** Opening RECORD EXCERPTS block **

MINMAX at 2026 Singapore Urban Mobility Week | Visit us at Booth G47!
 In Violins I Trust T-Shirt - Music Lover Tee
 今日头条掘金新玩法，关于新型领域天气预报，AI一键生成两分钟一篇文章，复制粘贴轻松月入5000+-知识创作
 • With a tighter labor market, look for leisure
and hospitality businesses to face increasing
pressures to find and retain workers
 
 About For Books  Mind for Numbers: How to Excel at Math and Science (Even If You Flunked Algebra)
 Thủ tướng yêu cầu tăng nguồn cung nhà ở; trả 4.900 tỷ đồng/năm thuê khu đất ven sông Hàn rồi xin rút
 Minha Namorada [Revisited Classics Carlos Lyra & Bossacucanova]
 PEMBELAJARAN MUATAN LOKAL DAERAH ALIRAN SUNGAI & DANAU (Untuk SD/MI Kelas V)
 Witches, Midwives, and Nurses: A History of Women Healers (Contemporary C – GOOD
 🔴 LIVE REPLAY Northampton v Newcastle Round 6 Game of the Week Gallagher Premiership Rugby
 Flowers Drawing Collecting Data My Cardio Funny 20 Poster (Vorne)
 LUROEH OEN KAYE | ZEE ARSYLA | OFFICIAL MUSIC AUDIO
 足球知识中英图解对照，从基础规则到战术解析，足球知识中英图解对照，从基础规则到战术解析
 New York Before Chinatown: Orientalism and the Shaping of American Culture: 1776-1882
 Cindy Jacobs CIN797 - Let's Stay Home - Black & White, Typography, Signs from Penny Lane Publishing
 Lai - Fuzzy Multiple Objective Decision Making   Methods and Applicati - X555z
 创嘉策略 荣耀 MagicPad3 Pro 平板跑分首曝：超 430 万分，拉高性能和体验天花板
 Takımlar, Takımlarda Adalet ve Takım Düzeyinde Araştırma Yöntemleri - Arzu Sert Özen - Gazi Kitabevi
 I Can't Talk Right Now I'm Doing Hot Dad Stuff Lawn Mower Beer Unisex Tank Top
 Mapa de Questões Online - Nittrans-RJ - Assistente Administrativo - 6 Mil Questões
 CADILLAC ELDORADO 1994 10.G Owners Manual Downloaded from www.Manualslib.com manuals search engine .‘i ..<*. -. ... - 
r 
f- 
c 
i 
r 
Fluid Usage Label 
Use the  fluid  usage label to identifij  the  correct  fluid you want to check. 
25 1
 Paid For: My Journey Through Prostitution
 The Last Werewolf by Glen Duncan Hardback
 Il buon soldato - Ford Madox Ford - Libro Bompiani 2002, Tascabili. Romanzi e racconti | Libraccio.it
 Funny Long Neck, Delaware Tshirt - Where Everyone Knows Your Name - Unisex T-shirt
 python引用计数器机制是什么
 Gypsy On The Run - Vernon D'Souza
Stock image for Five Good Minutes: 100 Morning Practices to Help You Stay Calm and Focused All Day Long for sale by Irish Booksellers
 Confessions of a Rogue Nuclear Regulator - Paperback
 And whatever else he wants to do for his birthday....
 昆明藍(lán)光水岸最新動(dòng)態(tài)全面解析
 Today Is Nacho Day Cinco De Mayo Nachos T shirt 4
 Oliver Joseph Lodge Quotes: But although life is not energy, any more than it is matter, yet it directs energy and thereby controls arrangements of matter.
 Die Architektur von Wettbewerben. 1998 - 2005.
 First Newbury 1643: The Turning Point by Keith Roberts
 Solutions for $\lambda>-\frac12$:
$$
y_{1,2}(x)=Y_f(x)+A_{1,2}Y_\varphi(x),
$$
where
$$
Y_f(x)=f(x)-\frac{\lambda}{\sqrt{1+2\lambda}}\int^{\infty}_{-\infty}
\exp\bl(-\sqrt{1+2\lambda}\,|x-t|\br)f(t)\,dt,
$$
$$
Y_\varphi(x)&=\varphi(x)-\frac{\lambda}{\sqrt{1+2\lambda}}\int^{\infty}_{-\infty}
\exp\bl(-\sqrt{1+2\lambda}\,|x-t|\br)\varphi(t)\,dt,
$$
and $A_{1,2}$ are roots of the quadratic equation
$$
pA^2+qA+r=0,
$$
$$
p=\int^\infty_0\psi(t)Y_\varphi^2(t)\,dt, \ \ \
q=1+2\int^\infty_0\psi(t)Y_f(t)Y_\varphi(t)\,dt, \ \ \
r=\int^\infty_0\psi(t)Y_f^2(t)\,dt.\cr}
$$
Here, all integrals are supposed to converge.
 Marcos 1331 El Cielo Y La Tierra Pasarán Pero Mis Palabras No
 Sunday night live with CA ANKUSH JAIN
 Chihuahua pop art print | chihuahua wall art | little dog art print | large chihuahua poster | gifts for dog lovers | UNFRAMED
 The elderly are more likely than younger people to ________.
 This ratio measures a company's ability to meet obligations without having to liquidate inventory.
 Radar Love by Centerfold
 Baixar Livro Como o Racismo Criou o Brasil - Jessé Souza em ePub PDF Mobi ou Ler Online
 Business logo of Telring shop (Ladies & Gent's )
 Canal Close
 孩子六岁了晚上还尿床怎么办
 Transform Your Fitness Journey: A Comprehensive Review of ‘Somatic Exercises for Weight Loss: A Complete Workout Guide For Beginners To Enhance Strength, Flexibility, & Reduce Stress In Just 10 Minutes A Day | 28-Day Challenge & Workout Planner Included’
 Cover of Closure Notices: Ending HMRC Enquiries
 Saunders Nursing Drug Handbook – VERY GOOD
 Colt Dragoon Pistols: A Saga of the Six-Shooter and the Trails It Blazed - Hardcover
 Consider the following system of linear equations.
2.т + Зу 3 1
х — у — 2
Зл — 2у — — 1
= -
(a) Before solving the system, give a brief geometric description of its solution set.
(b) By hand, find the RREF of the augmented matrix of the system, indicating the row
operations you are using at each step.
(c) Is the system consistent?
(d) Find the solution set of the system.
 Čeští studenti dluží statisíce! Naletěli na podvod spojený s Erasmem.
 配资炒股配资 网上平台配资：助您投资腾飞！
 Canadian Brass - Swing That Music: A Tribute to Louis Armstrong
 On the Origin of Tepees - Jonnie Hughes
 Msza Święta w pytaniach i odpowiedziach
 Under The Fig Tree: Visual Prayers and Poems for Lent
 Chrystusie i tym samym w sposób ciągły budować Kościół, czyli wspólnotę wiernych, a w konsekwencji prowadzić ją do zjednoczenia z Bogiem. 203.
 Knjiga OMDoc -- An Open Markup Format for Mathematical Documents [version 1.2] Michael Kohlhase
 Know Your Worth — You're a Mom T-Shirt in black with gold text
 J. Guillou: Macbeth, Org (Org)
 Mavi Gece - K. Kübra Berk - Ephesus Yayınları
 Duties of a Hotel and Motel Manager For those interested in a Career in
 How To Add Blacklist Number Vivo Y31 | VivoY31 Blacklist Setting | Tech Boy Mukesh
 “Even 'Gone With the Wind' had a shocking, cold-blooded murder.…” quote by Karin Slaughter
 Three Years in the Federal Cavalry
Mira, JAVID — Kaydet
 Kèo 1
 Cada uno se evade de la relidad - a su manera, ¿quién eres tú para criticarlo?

** Closing RECORD EXCERPTS block **

REQUIREMENT
Make an exact copy of the data above.

SOLUTION
MINMAX at 2026 Singapore Urban Mobility Week | Visit us at Booth G47!
 In Violins I Trust T-Shirt - Music Lover Tee
 今日头条掘金新玩法，关于新型领域天气预报，AI一键生成两分钟一篇文章，复制粘贴轻松月入5000+-知识创作
 • With a tighter labor market, look for leisure
and hospitality businesses to face increasing
pressures to find and retain workers
 
 About For Books  Mind for Numbers: How to Excel at Math and Science (Even If You Flunked Algebra)
 Thủ tướng yêu cầu tăng nguồn cung nhà ở; trả 4.900 tỷ đồng/năm thuê khu đất ven sông Hàn rồi xin rút
 Minha Namorada [Revisited Classics Carlos Lyra & Bossacucanova]
 PEMBELAJARAN MUATAN LOKAL DAERAH ALIRAN SUNGAI & DANAU (Untuk SD/MI Kelas V)
 Witches, Midwives, and Nurses: A History of Women Healers (Contemporary C – GOOD
 🔴 LIVE REPLAY Northampton v Newcastle Round 6 Game of the Week Gallagher Premiership Rugby
 Flowers Drawing Collecting Data My Cardio Funny 20 Poster (Vorne)
 LUROEH OEN KAYE | ZEE ARSYLA | OFFICIAL MUSIC AUDIO
 足球知识中英图解对照，从基础规则到战术解析，足球知识中英图解对照，从基础规则到战术解析
 New York Before Chinatown: Orientalism and the Shaping of American Culture: 1776-1882
 Cindy Jacobs CIN797 - Let's Stay Home - Black & White, Typography, Signs from Penny Lane Publishing
 Lai - Fuzzy Multiple Objective Decision Making   Methods and Applicati - X555z
 创嘉策略 荣耀 MagicPad3 Pro 平板跑分首曝：超 430 万分，拉高性能和体验天花板
 Takımlar, Takımlarda Adalet ve Takım Düzeyinde Araştırma Yöntemleri - Arzu Sert Özen - Gazi Kitabevi
 I Can't Talk Right Now I'm Doing Hot Dad Stuff Lawn Mower Beer Unisex Tank Top
 Mapa de Questões Online - Nittrans-RJ - Assistente Administrativo - 6 Mil Questões
 CADILLAC ELDORADO 1994 10.G Owners Manual Downloaded from www.Manualslib.com manuals search engine .‘i ..<*. -. ... - 
r 
f- 
c 
i 
r 
Fluid Usage Label 
Use the  fluid  usage label to identifij  the  correct  fluid you want to check. 
25 1
 Paid For: My Journey Through Prostitution
 The Last Werewolf by Glen Duncan Hardback
 Il buon soldato - Ford Madox Ford - Libro Bompiani 2002, Tascabili. Romanzi e racconti | Libraccio.it
 Funny Long Neck, Delaware Tshirt - Where Everyone Knows Your Name - Unisex T-shirt
 python引用计数器机制是什么
 Gypsy On The Run - Vernon D'Souza
Stock image for Five Good Minutes: 100 Morning Practices to Help You Stay Calm and Focused All Day Long for sale by Irish Booksellers
 Confessions of a Rogue Nuclear Regulator - Paperback
 And whatever else he wants to do for his birthday....
 昆明藍(lán)光水岸最新動(dòng)態(tài)全面解析
 Today Is Nacho Day Cinco De Mayo Nachos T shirt 4
 Oliver Joseph Lodge Quotes: But although life is not energy, any more than it is matter, yet it directs energy and thereby controls arrangements of matter.
 Die Architektur von Wettbewerben. 1998 - 2005.
 First Newbury 1643: The Turning Point by Keith Roberts
 Solutions for $\lambda>-\frac12$:
$$
y_{1,2}(x)=Y_f(x)+A_{1,2}Y_\varphi(x),
$$
where
$$
Y_f(x)=f(x)-\frac{\lambda}{\sqrt{1+2\lambda}}\int^{\infty}_{-\infty}
\exp\bl(-\sqrt{1+2\lambda}\,|x-t|\br)f(t)\,dt,
$$
$$
Y_\varphi(x)&=\varphi(x)-\frac{\lambda}{\sqrt{1+2\lambda}}\int^{\infty}_{-\infty}
\exp\bl(-\sqrt{1+2\lambda}\,|x-t|\br)\varphi(t)\,dt,
$$
and $A_{1,2}$ are roots of the quadratic equation
$$
pA^2+qA+r=0,
$$
$$
p=\int^\infty_0\psi(t)Y_\varphi^2(t)\,dt, \ \ \
q=1+2\int^\infty_0\psi(t)Y_f(t)Y_\varphi(t)\,dt, \ \ \
r=\int^\infty_0\psi(t)Y_f^2(t)\,dt.\cr}
$$
Here, all integrals are supposed to converge.
 Marcos 1331 El Cielo Y La Tierra Pasarán Pero Mis Palabras No
 Sunday night live with CA ANKUSH JAIN
 Chihuahua pop art print | chihuahua wall art | little dog art print | large chihuahua poster | gifts for dog lovers | UNFRAMED
 The elderly are more likely than younger people to ________.
 This ratio measures a company's ability to meet obligations without having to liquidate inventory.
 Radar Love by Centerfold
 Baixar Livro Como o Racismo Criou o Brasil - Jessé Souza em ePub PDF Mobi ou Ler Online
 Business logo of Telring shop (Ladies & Gent's )
 Canal Close
 孩子六岁了晚上还尿床怎么办
 Transform Your Fitness Journey: A Comprehensive Review of ‘Somatic Exercises for Weight Loss: A Complete Workout Guide For Beginners To Enhance Strength, Flexibility, & Reduce Stress In Just 10 Minutes A Day | 28-Day Challenge & Workout Planner Included’
 Cover of Closure Notices: Ending HMRC Enquiries
 Saunders Nursing Drug Handbook – VERY GOOD
 Colt Dragoon Pistols: A Saga of the Six-Shooter and the Trails It Blazed - Hardcover
 Consider the following system of linear equations.
2.т + Зу 3 1
х — у — 2
Зл — 2у — — 1
= -
(a) Before solving the system, give a brief geometric description of its solution set.
(b) By hand, find the RREF of the augmented matrix of the system, indicating the row
operations you are using at each step.
(c) Is the system consistent?
(d) Find the solution set of the system.
 Čeští studenti dluží statisíce! Naletěli na podvod spojený s Erasmem.
 配资炒股配资 网上平台配资：助您投资腾飞！
 Canadian Brass - Swing That Music: A Tribute to Louis Armstrong
 On the Origin of Tepees - Jonnie Hughes
 Msza Święta w pytaniach i odpowiedziach
 Under The Fig Tree: Visual Prayers and Poems for Lent
 Chrystusie i tym samym w sposób ciągły budować Kościół, czyli wspólnotę wiernych, a w konsekwencji prowadzić ją do zjednoczenia z Bogiem. 203.
 Knjiga OMDoc -- An Open Markup Format for Mathematical Documents [version 1.2] Michael Kohlhase
 Know Your Worth — You're a Mom T-Shirt in black with gold text
 J. Guillou: Macbeth, Org (Org)
 Mavi Gece - K. Kübra Berk - Ephesus Yayınları
 Duties of a Hotel and Motel Manager For those interested in a Career in
 How To Add Blacklist Number Vivo Y31 | VivoY31 Blacklist Setting | Tech Boy Mukesh
 “Even 'Gone With the Wind' had a shocking, cold-blooded murder.…” quote by Karin Slaughter
 Three Years in the Federal Cavalry
Mira, JAVID — Kaydet
 Kèo 1
 Cada uno se evade de la relidad - a su manera, ¿quién eres tú para criticarlo?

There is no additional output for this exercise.